I shot a few hundred rounds of this before the ammo shortage it was $20 a box of 50. It has a different smell of powder when shot, but it seems to be a really clean ammo. I have been looking for it since and haven't found it since the original purchase. All the Wolf/Lake City I have shot was pretty dirty, I have heard that that ammo works better in the AK platform. If you get the chance try some of this if you can find it. Rifle 223 Rem 55gr Spire Point | HPR Ammunition


----------



## Diver (Nov 22, 2014)

I suggest you make sure your AR15 has a 5.56 barrel. That will allow you to shoot either 5.56 or .223 and give you more choices of ammo. If you have brand favorites for any other caliber, you'll probably be fine with those brands in .223 as well.

For 5.56 you'll see a lot of Lake City, which comes from ATK. It is the same stuff the military uses.


----------



## Smitty901 (Nov 16, 2012)

First your new AR is likely a 5.56 not a .223 there is a difference. .223 55gr will work in your AR but is not the best option you likely will want 5.56 62 gr.
Lake city is the most common good quality bulk ammo to buy.

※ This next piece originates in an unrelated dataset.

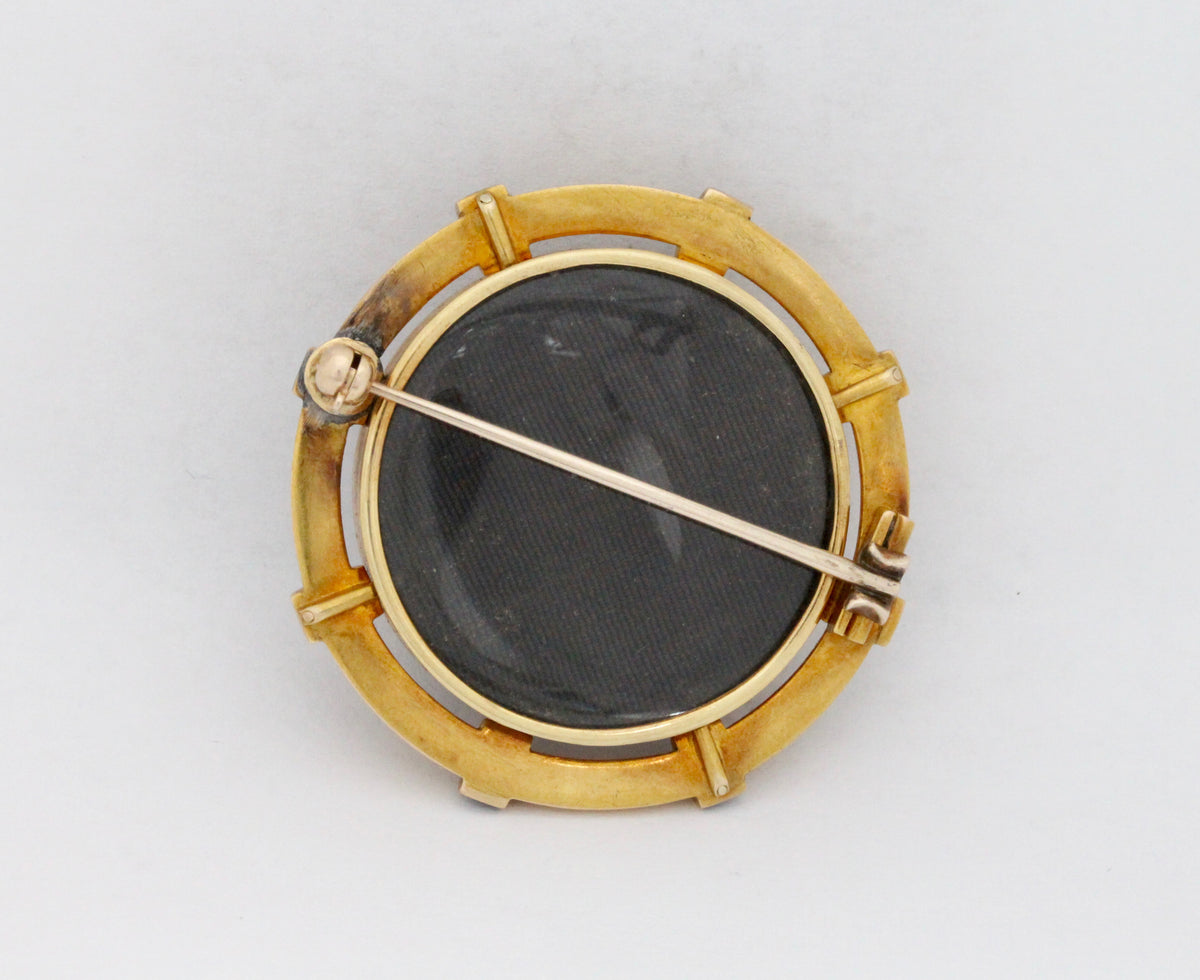 Large Victorian Banded Agate 14K Gold and Enamel Sentimental Brooch Pin - alpha-omega-jewelry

Lake city is sold under the Federal brand name also.
Latter today I will post a few web sights to keep an eye on and when the deal is right for you go for it.
Do not confuse .223 and 5.56 same round but different.

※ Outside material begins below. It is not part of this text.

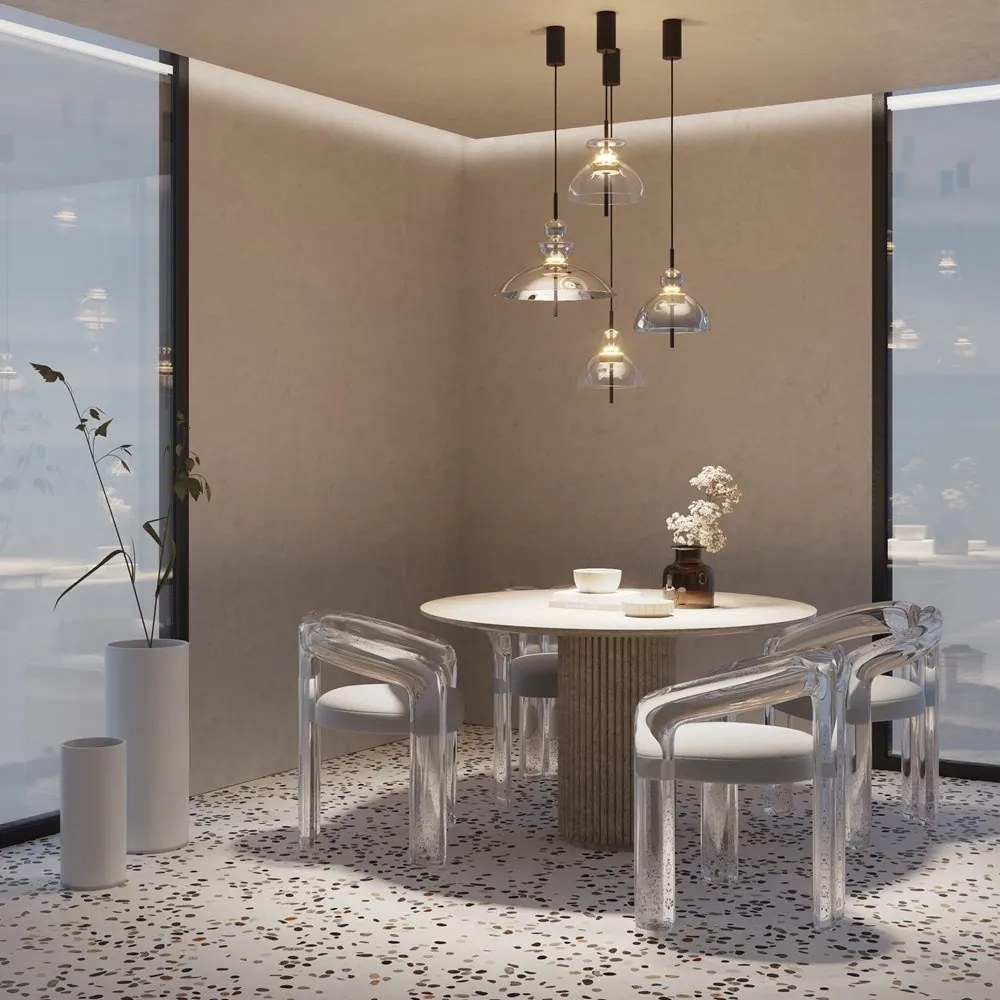 Lustra/Pendul LED design modern decorativ Bangkok 25cm, fumuriu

Sights to watch just a couple I am sure others will post more

http://www.freedommunitions.com/#&panel1-1

LAX Ammunition sales, handgun reloaded ammo, remanufactured ammunition


----------



## Boss Dog (Feb 8, 2013)

Most of these are either distributors or a network search to find the best deals. 
Prepare to lose yourself in the search!

GunBot 556 rifle ammo

Bulk Ammo

Cheap Ammo For Sale | In Stock Ammunition For Sale

Ammo To Go : Ammunition | Bulk and Cheap Ammo for Sale

Cheap Discount Ammunition for Sale Online - Pistol Ammo, Rifle, Shotgun Shells, Rimfire - Able Ammo

J&G Sales

In stock ammo, guns, magazines, and reloading supplies


----------



## Prepared One (Nov 5, 2014)

Thanks for the info guys. I have been looking forsome good sites for ammo.


----------



## Chipper (Dec 22, 2012)

Wouldn't know as I load my own.


----------



## whoppo (Nov 9, 2012)

Federal / Lake City 5.56 M855 62gr (XM855LC1 AC1)
Mil reliability and consistency, clean burning, American made.
A shiny new ammo can, 420 rounds on 10 round stripper clips with a mag-loading spoon is usually under $150 (plus a few bucks for shipping)
I grab a can or two every month and always have some on hand when range day rolls around 










Lake City 5.56 NATO 62 Grain XM855 FMJ on 10 Round Clips in Ammo Can of 420rds XM855LC1 AC1 - .223/5.56mm - Rifle Ammunition - Ammunition


----------